As the following quotation shows, this ease is more like State v. Bryl, 477 N.W.2d 814, 817 (N.D.1991):
Although there was some differing testimony as to what Shelly Rutten told the dispatcher and what the dispatcher relayed to Officer Fix, it is known that the officer was advised that there was an intoxicated subject in a pickup at the Super Pumper station. From the information that Officer Fix had at that time, it was reasonable for him to believe that the pickup leaving the lot was the pickup that contained the intoxicated person. There was an articulable suspicion that the vehicle was being driven by an intoxicated person.
“[information from an anonymous informant used for an investigative stop must be sufficiently reliable to support a reasonable suspicion of unlawful conduct, though not the more exacting standard of probable cause necessary to make an arrest.” Wibben v. N.D. State Highway Commissioner, 413 N.W.2d 329, 331 (N.D.1987). See City of Minot v. Nelson, 462 N.W.2d 460, 462 (N.D.1990); State v. Dorendorf, 359 N.W.2d 115, 116 (N.D.1984). This tip is much like the one in State v. Neis, 469 N.W.2d 568 (N.D.1991). In Neis, the informant identified herself, the vehicle and the behavior, which was the same information that Shelly Rutten gave to the dispatcher. Id. at 569. This information provided certain indications of reliability of both the informant and the information.
See also State v. Hornaday, 477 N.W.2d 245 (N.D.1991) (approving brief communications of information between officers, and relied upon by the trial court in this ease), and State v. Neis, 469 N.W.2d 568 (N.D.1991).
Even if BurchiU had been unknown to the sheriffs department, her information was more than conclusory. Not only did she describe the pickup by its color, high antenna, and license number, but also she identified its location, described the erratic driving of a drunk driver, and gave her name to the sheriffs office. The fact that the officer making the stop did not know who she was does not make the tip worthless. See State v. Rodriguez, 454 N.W.2d 726, 729 n. 2 (N.D.1990) (“[L]aw enforcement officers must be allowed to rely upon information received from other officers”).
*648Id. at 570. In my view, the majority opinion discounts the report of an identified informant too much, and attenuates brief communications between law enforcement officers more than our prior precedents do.

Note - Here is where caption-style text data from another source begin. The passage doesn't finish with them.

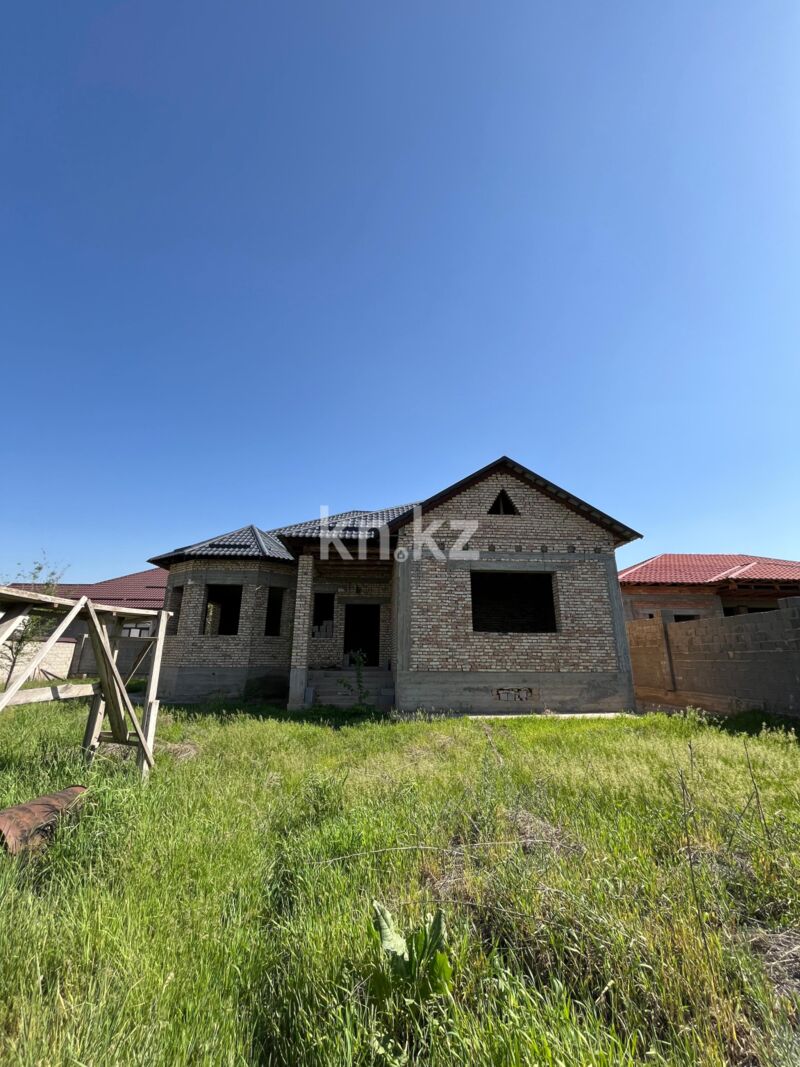 Продажа 6-комнатного дома, 210 м² - Продажа домов, коттеджей в Аль-Фарабийском р-не Шымкента фото 1 из 18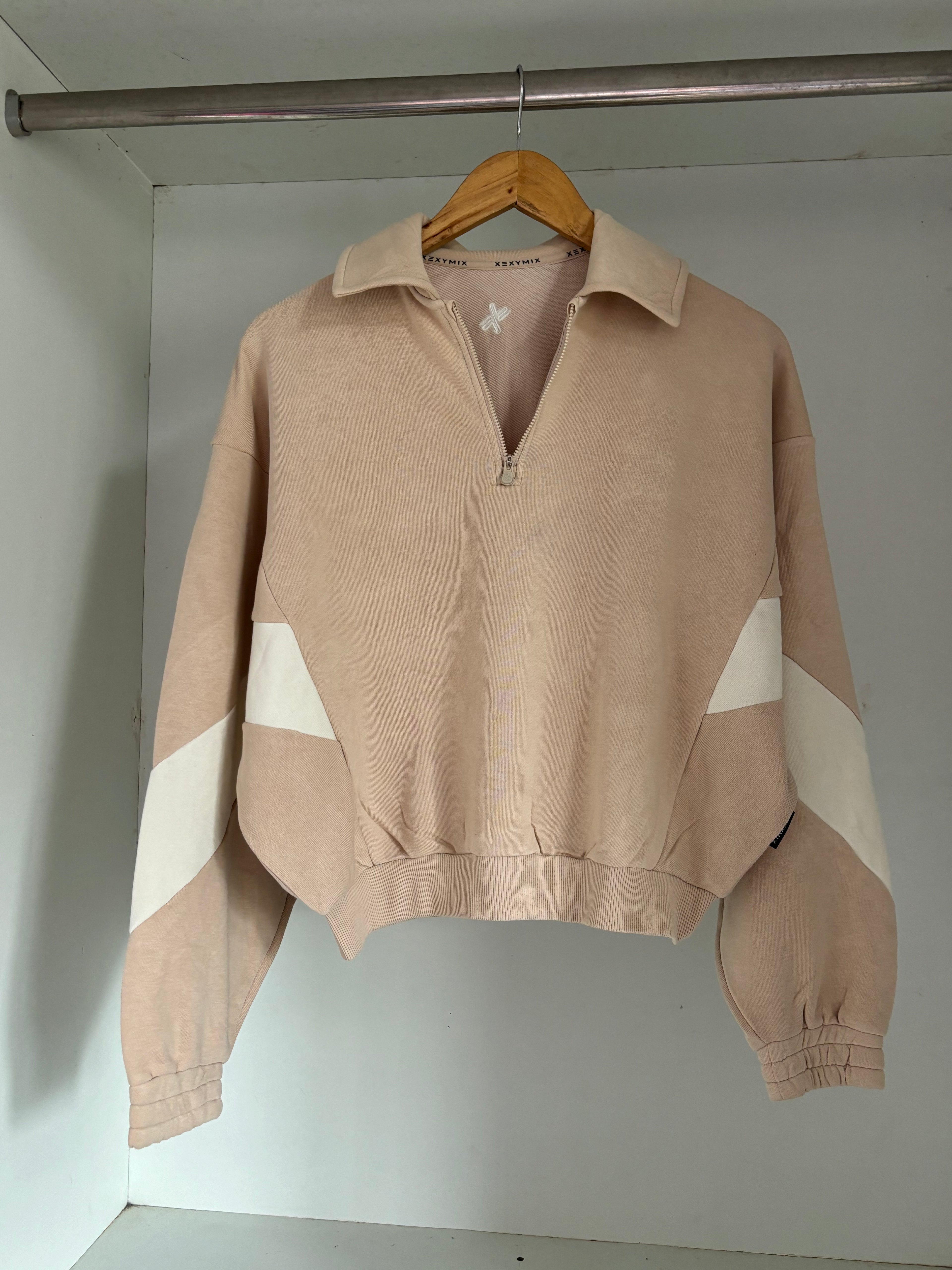 Half zipper sweatshirt.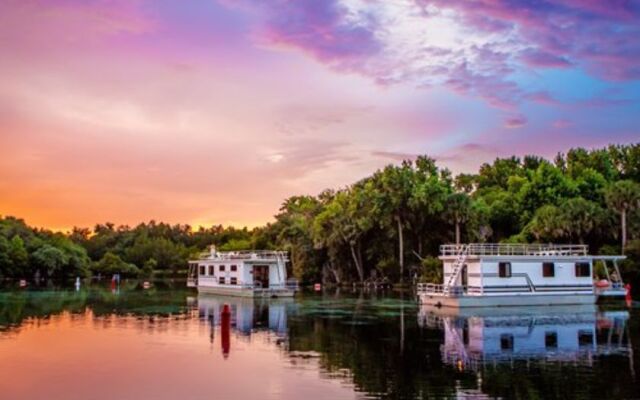 Holly Bluff Marina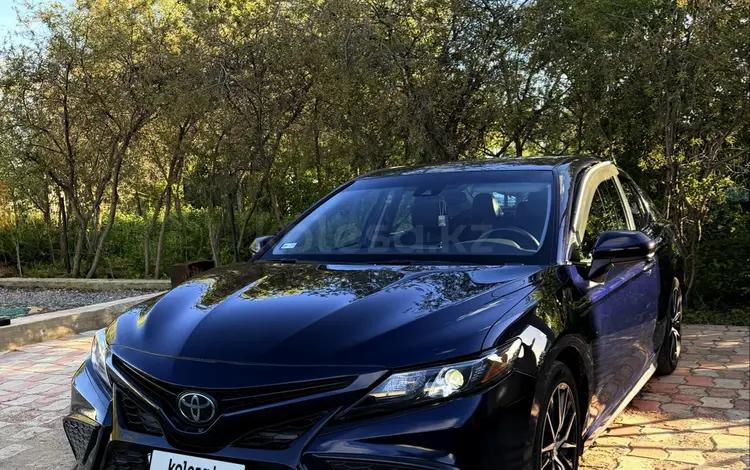 Toyota Camry 2021 года за 8 200 000 тг. в Актобе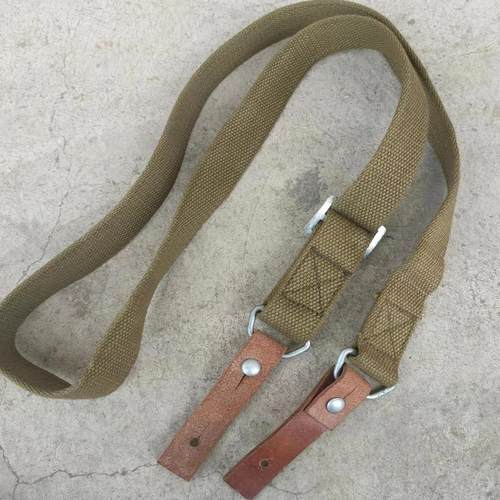70年代土黄色帆布背带56式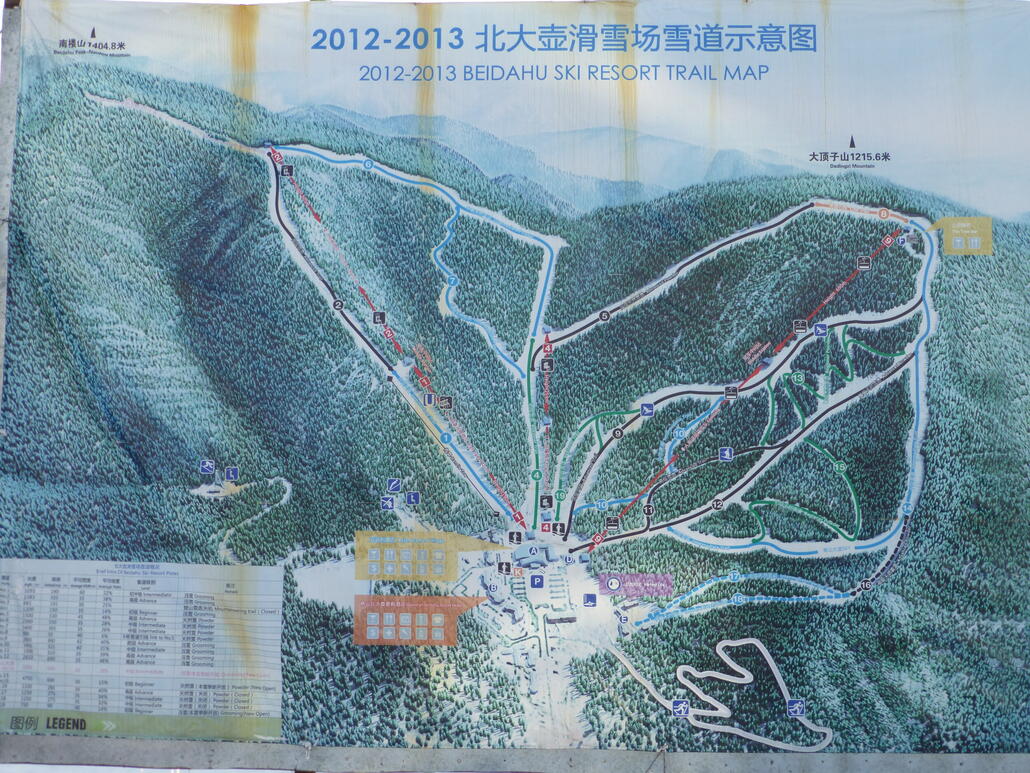 Pistenplan 2012/13 gross aufgehängt im Gebiet selbst, der die existierenden Bahnen ziemlich real abbildet, aber an dem Tag waren nur die 6EUB Nr. 9, die 4KSB Nr. 1 und die 2FSB Nr. 2 in Betrieb, dazu auch nur rund die Hälfte der Pisten offiziell offen.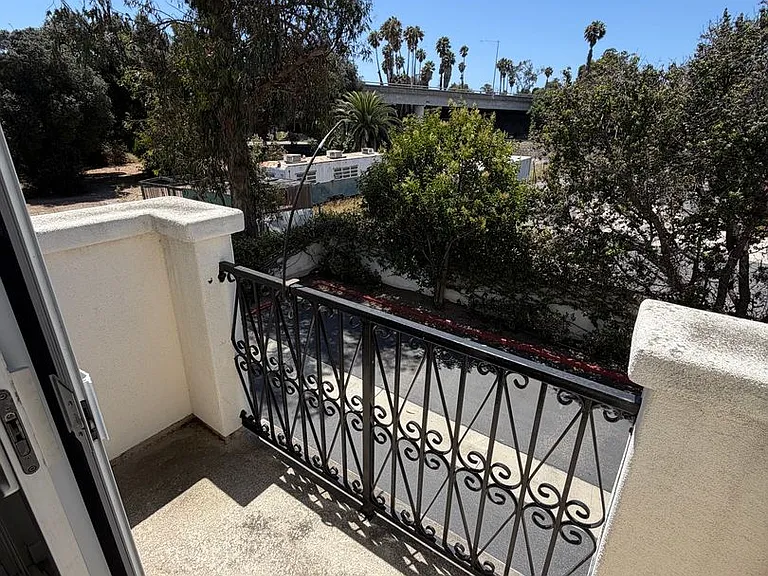 172 Beach Side Ct — Photo 25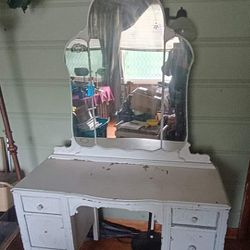 Detailed Vintage Vanity with Bench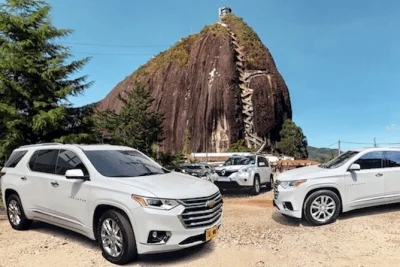 Feel the rhythm of colombia on a private medellin to pereira transfer. includes hotel pickup, air-conditioned ride, and local driver for a smooth, scenic journey.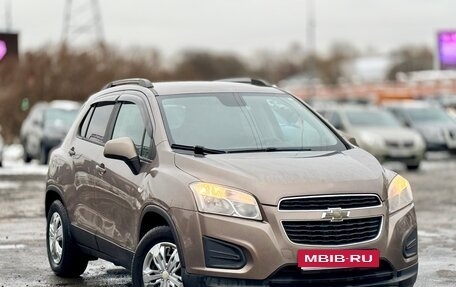 Chevrolet Tracker III, 2015 год, 590 000 рублей, 3 фотография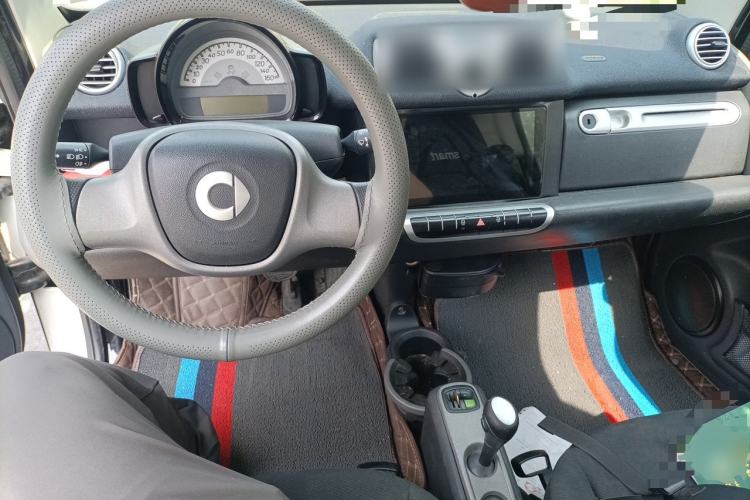 Used smart fortwo 2012 1.0 MHD Hardtop Standard Edition Center Console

For me, there are enough details in the named informant’s tip, including description of specific suspicious conduct of the driver, for reliability; adequate abbreviated communication between officers of information from an identified citizen informant; and reasonable verification of essential details about the identified driver, while that driver was circling out and back into Wendy’s driveway, for the officer to formulate a reasonable suspicion to make a minimally intrusive and respectful Terry approach to clarify ambiguous conduct in an effort to forestall drunken driving. For these reasons, I respectfully dissent.